How to find out if JS is being blocked in robots.txt manually:

Note: For most WordPress websites, JavaScript comes from the theme and is typically housed in ../wp-content/themes/yourTheme. Therefore, load the robots.txt file in a web browser and see if /wp-content/ is in the file.

Possible answers:

yes
no
not applicable

What this means:

> If ‘yes’, JS is being blocked and this may be making it harder for Google to render the content on the pages you want to rank.

>> If ‘no’, JS files are not being blocked from crawlers in the robots.txt file. If the website is experiencing indexing issues, this is not the cause.

Recommended reading:

‘wordpress robots.txt guide’ by Kinsta
‘robots.txt introduction and guide’ by Google Developers
‘robots.txt for SEO: the ultimate guide’ by ContentkingApp
‘robots.txt – everything SEOs need to know’ by Deepcrawl

Does the robots.txt file disallow parametised URLs?

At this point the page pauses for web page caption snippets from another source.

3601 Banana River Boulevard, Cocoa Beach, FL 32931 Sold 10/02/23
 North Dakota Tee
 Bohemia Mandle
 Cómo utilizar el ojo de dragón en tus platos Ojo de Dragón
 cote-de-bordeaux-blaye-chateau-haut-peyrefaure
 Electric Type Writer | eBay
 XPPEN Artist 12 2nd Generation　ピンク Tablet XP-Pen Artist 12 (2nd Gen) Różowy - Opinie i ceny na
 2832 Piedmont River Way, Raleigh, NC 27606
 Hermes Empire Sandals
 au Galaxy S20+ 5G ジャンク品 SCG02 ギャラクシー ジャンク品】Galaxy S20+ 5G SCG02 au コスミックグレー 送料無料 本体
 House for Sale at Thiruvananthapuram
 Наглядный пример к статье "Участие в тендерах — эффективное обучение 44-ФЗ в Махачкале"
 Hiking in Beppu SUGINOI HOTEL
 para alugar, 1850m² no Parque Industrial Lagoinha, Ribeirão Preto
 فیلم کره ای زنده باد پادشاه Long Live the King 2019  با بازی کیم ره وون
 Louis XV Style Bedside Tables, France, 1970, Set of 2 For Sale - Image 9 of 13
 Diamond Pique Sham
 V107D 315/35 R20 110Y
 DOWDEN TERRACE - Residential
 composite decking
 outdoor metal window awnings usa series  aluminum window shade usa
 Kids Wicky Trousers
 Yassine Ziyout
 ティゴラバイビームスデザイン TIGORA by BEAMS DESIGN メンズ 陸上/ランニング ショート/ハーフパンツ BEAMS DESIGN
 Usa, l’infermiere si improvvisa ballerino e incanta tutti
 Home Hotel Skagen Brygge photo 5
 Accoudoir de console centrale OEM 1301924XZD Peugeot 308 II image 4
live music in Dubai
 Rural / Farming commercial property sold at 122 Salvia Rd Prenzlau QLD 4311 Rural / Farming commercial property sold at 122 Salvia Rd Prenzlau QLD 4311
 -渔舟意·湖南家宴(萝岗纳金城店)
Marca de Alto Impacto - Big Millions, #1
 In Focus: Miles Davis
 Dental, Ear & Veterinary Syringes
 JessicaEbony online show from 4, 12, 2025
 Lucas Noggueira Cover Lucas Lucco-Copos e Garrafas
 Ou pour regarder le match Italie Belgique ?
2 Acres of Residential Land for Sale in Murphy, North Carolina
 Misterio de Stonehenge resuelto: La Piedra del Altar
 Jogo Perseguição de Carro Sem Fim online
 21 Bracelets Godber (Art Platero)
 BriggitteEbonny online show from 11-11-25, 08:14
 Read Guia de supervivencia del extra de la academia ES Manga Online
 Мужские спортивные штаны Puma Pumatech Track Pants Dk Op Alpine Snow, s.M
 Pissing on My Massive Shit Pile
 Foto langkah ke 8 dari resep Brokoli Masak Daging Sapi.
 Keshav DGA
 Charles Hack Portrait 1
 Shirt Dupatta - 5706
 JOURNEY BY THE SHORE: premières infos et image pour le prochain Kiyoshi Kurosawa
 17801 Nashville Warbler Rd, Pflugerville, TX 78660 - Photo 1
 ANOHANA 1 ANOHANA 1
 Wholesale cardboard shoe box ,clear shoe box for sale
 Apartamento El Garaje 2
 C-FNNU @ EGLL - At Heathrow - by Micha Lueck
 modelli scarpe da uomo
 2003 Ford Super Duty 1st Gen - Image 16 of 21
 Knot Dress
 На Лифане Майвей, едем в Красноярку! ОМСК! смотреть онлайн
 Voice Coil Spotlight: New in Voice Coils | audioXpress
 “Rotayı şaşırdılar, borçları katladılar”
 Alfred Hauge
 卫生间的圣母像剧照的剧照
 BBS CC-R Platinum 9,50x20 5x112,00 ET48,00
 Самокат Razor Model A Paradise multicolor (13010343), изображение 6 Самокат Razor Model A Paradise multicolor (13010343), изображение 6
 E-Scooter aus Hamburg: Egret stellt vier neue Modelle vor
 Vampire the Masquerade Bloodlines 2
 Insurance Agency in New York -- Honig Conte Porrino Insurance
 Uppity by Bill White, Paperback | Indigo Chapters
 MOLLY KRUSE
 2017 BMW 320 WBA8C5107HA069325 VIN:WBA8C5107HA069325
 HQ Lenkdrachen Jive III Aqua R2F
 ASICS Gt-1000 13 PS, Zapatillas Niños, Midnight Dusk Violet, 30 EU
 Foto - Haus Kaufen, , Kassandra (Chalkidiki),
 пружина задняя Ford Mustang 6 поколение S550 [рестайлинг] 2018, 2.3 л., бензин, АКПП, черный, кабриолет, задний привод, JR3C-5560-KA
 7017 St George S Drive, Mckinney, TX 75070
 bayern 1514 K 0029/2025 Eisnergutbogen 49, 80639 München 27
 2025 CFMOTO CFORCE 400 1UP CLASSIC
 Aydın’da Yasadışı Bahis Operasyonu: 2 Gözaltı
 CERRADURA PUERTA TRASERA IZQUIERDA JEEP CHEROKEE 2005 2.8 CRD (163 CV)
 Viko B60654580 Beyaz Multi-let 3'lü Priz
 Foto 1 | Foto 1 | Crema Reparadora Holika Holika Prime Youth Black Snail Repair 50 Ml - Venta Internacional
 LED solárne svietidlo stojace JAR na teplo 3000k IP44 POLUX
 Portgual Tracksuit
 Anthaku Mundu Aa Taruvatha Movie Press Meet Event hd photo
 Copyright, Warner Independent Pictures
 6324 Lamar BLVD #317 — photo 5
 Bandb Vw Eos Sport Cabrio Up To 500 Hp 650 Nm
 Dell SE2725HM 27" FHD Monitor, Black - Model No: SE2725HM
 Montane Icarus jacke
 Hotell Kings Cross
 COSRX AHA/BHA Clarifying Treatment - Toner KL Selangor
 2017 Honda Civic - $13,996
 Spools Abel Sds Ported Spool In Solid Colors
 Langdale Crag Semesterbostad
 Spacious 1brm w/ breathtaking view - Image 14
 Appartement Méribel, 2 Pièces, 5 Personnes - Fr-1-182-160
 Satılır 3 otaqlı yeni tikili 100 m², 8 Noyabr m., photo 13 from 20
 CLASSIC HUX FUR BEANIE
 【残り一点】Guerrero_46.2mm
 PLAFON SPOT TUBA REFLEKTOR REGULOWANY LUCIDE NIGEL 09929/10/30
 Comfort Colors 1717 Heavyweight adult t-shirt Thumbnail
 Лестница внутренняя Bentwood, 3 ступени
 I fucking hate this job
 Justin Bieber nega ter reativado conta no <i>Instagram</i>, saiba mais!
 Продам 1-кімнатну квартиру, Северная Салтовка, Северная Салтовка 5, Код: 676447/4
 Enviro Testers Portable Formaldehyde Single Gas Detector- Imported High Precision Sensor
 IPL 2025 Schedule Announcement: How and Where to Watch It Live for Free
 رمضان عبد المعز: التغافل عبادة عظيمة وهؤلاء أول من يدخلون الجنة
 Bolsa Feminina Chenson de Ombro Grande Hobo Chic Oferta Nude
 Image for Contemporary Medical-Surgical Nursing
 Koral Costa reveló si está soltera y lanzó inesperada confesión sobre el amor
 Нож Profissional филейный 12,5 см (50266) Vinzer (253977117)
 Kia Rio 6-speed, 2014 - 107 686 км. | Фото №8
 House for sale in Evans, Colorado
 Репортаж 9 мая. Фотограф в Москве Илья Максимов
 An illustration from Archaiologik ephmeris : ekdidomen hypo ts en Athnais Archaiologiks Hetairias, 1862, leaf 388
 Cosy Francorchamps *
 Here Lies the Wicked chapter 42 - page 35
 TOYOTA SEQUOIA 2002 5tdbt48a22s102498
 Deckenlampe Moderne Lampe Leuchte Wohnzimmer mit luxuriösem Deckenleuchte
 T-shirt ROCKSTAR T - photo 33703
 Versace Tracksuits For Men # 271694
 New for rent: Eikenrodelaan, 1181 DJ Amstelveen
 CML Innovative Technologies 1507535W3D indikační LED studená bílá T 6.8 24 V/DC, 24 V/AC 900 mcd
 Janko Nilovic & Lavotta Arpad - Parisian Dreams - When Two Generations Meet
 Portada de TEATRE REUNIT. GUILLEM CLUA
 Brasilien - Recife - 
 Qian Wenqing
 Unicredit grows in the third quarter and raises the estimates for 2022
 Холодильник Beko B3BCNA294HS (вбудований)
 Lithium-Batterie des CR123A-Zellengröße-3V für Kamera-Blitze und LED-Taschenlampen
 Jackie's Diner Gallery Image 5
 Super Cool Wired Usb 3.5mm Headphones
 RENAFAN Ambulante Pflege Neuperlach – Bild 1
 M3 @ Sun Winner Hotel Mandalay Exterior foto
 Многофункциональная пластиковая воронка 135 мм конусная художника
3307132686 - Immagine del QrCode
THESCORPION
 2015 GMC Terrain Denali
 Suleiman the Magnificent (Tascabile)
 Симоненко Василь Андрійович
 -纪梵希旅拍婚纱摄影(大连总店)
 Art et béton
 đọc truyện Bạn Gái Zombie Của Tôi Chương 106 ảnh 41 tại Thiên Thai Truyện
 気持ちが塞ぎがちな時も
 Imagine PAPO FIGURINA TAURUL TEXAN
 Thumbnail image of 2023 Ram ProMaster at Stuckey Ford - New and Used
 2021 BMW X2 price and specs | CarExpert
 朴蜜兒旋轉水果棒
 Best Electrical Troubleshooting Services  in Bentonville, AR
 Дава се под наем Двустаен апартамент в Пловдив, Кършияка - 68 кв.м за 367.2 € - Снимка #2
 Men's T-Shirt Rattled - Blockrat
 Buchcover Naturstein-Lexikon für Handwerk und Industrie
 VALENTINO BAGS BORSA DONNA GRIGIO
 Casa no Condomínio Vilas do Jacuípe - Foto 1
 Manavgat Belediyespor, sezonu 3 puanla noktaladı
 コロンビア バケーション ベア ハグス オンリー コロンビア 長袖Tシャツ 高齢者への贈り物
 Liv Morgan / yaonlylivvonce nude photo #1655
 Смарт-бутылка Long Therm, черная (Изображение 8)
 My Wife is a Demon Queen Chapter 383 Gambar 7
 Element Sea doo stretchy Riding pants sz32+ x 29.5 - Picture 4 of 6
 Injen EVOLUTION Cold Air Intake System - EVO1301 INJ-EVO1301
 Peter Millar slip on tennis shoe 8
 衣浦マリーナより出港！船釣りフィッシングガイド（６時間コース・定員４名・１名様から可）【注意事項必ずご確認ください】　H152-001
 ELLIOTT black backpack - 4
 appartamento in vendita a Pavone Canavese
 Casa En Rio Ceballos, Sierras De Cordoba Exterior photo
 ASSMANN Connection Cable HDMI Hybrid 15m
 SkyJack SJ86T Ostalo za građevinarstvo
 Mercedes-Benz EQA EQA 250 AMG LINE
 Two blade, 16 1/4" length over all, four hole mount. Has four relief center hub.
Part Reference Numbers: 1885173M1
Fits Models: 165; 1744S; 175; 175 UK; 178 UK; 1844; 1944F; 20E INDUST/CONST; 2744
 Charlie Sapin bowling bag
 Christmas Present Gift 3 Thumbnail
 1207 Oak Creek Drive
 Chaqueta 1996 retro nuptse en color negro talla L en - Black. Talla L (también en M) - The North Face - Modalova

How to check if parametised URLs are blocked in robots.txt:

Open the robots.txt file in your web browser
See if any of the following instances exist in the file:
- User-agent:*
  Disallow: /products/t-shirts?
- User-agent:*
  Disallow: /products/jackets?
If you do, check ‘yes’ in the spreadsheet.

Possible answers:

yes
no
not applicable

What this means:

> If ‘yes’, one or more parametized URLs are blocked in robots.txt. In most use cases, parametised URLs should not be disallowed in robots.txt file because Googlebot cannot read the rel-canonical if it has been blocked from crawling said parametised URL.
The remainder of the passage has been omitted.